Voting Yes because you think this will get rid of the Westminster ideal of austerity? Westminster will still be making those decisions. Plans for a people’s assembly, for citizen input into a Scottish constitution? There is no way that either the Chancellor of the Exchequer or the Bank of England would permit negotiations for their management of the Scottish economy to be held in public. Nor is there any commitment in the White Paper for any citizen input into the negotiations of an independent Scotland: only a handwaved idea of including in representation from other parties (SNP still the majority and still the Scottish government).
Most of the Yes campaigners I’ve discussed this with don’t really seem to have a clear idea of what will happen between a Yes majority on 18th September and independence day in March 2016: they gloss over that crucial period, and the basic institutions that will be set up then, with an indifference that seemed shocking at first: eventually it just firmed up my decision to vote No.
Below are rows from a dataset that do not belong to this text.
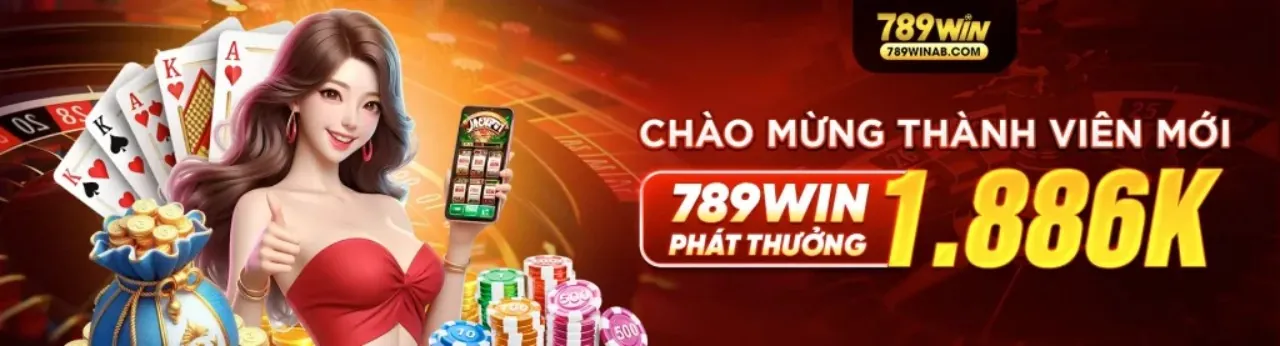 Hỗ trợ khách hàng TaiXiu88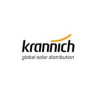 Krannich Group GmbH-logo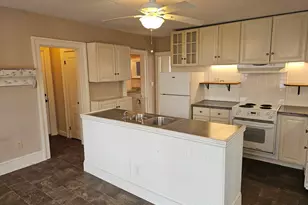 19 Howard Ave, New Haven, CT 06519 - Photo 10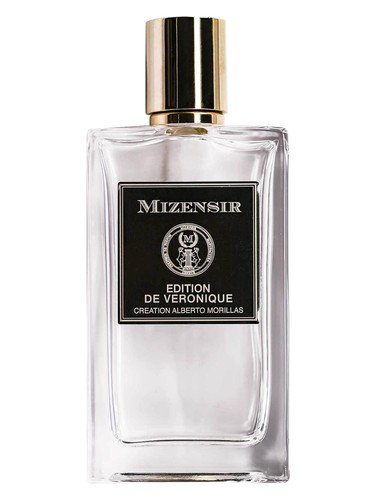 Edition de Veronique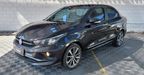 Fiat Cronos 1.8 PRECISION Sedan 2019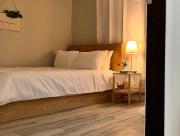 In the heart of Gangnam, 언주역, 신논현역, 성수, COEX,이태원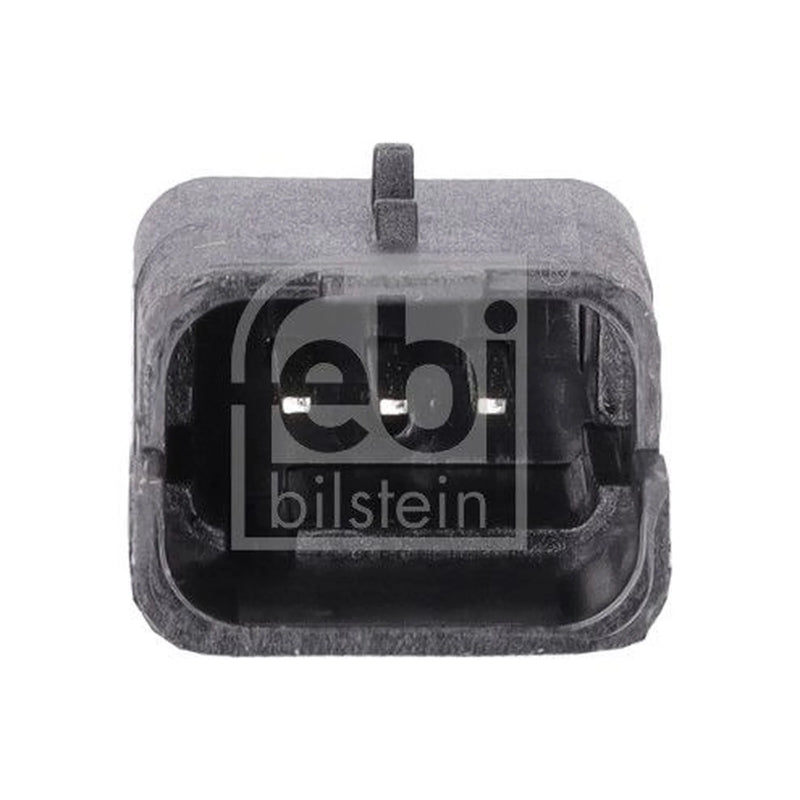 Febi Fuel Filter Element 171405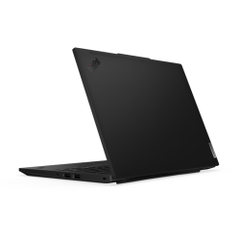 Laptop Lenovo ThinkPad L14 GEN 6 21S60021VA (Ultra 5 225U/ 16GB/ 512GB SSD/ 14 inch WUXGA/ NoOS/ Black/ 2Y)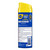 Dr Scholls  Ultra Odor X Fighting Powder Spray Destroyers Foot Deodorant Spray Absorbs Sweat Freshens Feet and Shoes 4.7Oz (133g)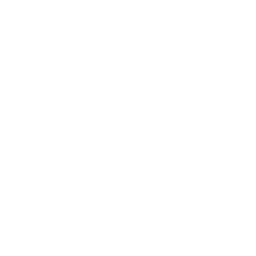 What!? No Way! — Uncommon Emote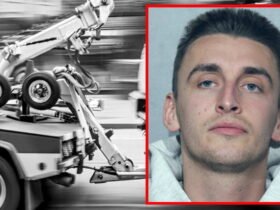 Scamming Tow Truck Driver Stole Cars from crash scenes in River North, Lakeview, South Loop: prosecutors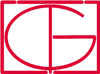 Graphische Technik GmbH Logo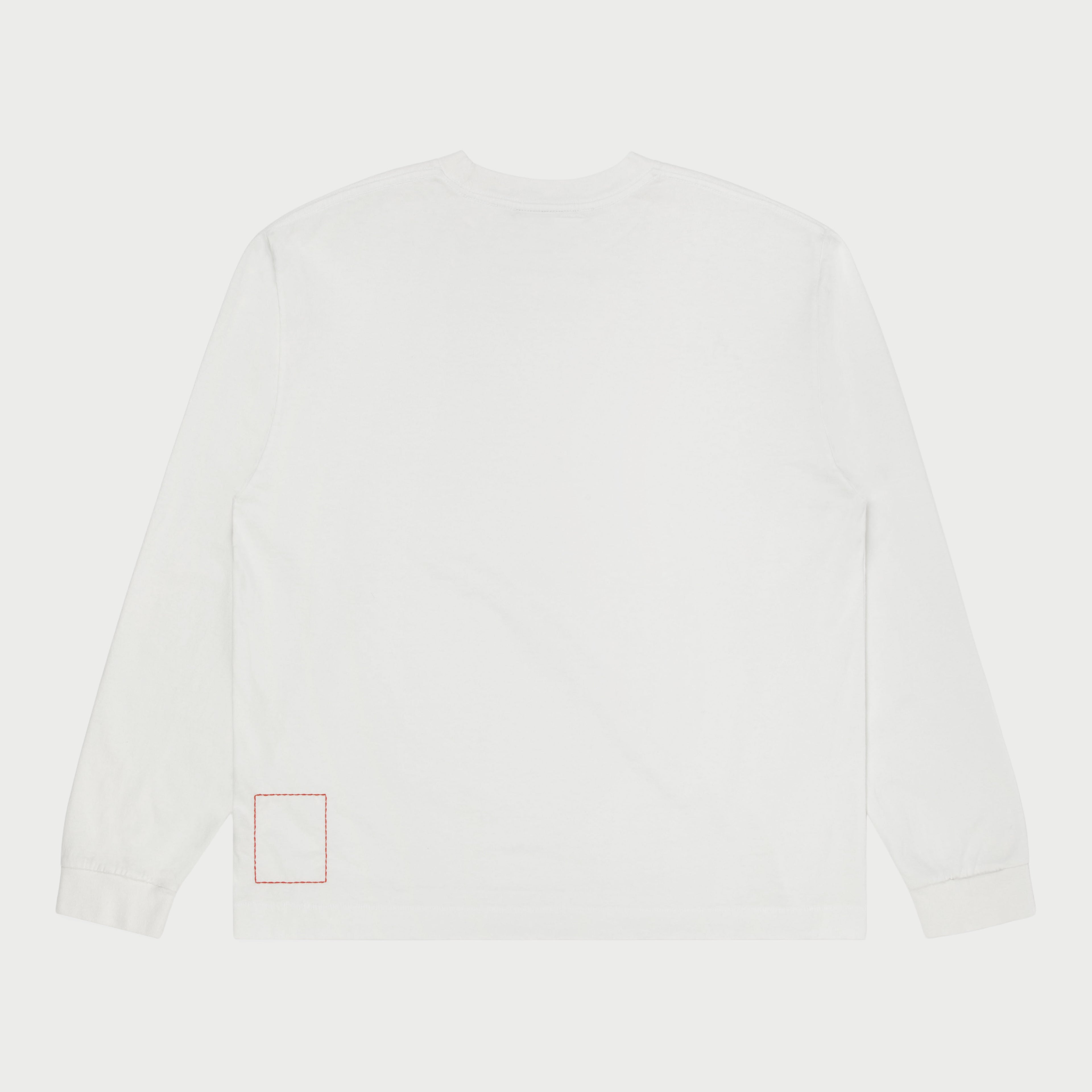 BASIC_CLASSIC_LS_WHITE_2.jpg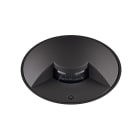 Targetti - TITANO ING FIX LED 5W 3000K MONODIR. FE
If Yes campaigners are mostly so uninterested in settling the basic form of an independent Scotland that they cannot be bothered to think about how to ensure the SNP doesn’t stitch us up in a closed-doors deal with the Tories (or Labour, after May 2015), we certainly should hope they don’t get the majority in September.
The so-called Ukip “earthquake” didn’t change my mind. We’ve known all along that there exists a substantial minority of racist, xenophobic, homophobic Brits – Scots, English, Welsh, Irish – who are convinced that Nigel Farage – a bankster and professional politician – “speaks for them”. That proportionally fewer of that group voted for Ukip in England than in Scotland, says, I’m afraid, that a substantial fraction of respectable white nationalists in Scotland vote SNP rather than Ukip. There are not enough of these voters to get a majority in an election with a high turnout, and Ukip’s European Parliament win last week says that Ukip cared about mobilising the electorate for their party in an election that would get a substantial fraction of their political leadership into jobs that pay more than an MP’s, have less-supervised expenses, and require little to no attendance at debates.
The Kensington-based David Coburn’s various ramblings on Twitter since his unfortunate election as Ukip’s MEP for Scotland, indicate he has never considered the remit of a Member of the European Parliament: he is a political novice with a fondness for making speeches about his own views, dropped into Scottish politics after 20+ years in London. If not for his arrogance and belligerence, one could almost feel sorry for him. But if he is typical of Ukip members suddenly elevated to elected office, then every single one of them is likely to be a future electoral liability.
What is problematic about Ukip’s victory is that so many of the parties – the Scottish Greens are an honourable exception – are looking at the Ukip turnout and asking “how can we win those voters over to us” – rather than looking at the huge majority who didn’t vote at all and asking “how can we get those voters to want to turn out and vote“?
I had a tiny fraction of a vote in Labour’s last leadership election, as a union member. I used it to vote, rather hopelessly, for Diane Abbott, simply because she appeared to be the only candidate standing who was not a professional politician and not “male pale and stale“. As Ian Smart noted last year, Ed Miliband – no matter how capable and effective he may be – simply has no narrative: no background but “Labour politician”. He’s a male pale stale member of the political classes: he was never in all his adult life anything else.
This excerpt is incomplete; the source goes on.